AVAILABLE DATA:
* * * * * * * * *
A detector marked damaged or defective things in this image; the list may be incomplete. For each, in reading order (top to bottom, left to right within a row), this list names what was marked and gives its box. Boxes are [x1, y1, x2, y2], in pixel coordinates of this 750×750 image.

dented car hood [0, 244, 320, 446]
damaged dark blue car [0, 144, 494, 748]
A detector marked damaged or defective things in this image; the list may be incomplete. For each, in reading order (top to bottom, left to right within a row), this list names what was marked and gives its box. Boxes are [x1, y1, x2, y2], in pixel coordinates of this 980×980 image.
* * * * * * * * *
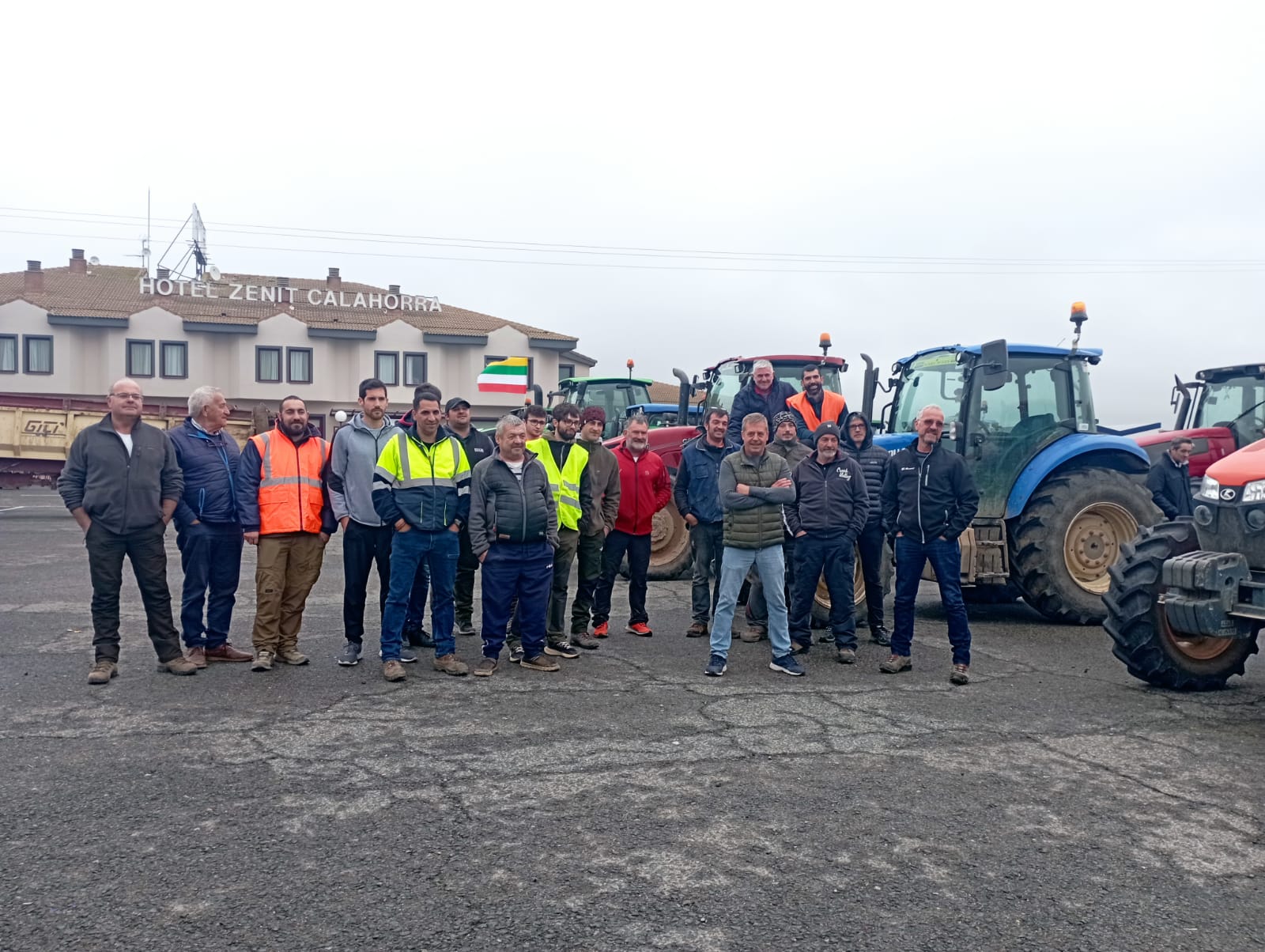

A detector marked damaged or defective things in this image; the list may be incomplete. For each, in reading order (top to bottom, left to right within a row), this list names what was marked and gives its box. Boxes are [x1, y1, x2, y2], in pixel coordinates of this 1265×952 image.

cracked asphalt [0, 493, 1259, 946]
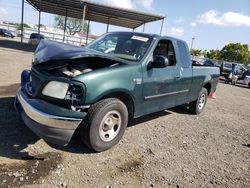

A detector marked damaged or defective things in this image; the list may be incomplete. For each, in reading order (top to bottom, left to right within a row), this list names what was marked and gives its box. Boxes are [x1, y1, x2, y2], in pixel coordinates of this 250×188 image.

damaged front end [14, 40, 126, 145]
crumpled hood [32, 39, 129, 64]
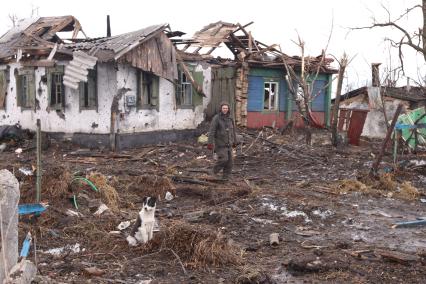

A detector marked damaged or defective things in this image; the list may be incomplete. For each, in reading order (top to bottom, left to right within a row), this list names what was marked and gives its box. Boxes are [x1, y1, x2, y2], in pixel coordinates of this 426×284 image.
* * * * * * * * *
TO DO: Reproduce exactly the section above that begins at the line containing "this 750×750 image." and ends at the line containing "this 980×980 image.", leaving out all other lines.

REPLY:
A detector marked damaged or defective things in this image; the list may be incomplete. For each, in reading order (top to bottom, left to right within a row), this list names what was marked and gives its box. Boxes are [x1, y1, x2, y2], in pixel coordinates of this 750×750 image.

dented car hood [0, 244, 320, 446]
damaged dark blue car [0, 144, 494, 748]
A detector marked damaged or defective things in this image; the list may be incomplete. For each, in reading order (top to bottom, left to right within a row), this list names what was marked and gives its box. Boxes are [x1, y1, x2, y2], in pixel coordinates of this 980×980 image.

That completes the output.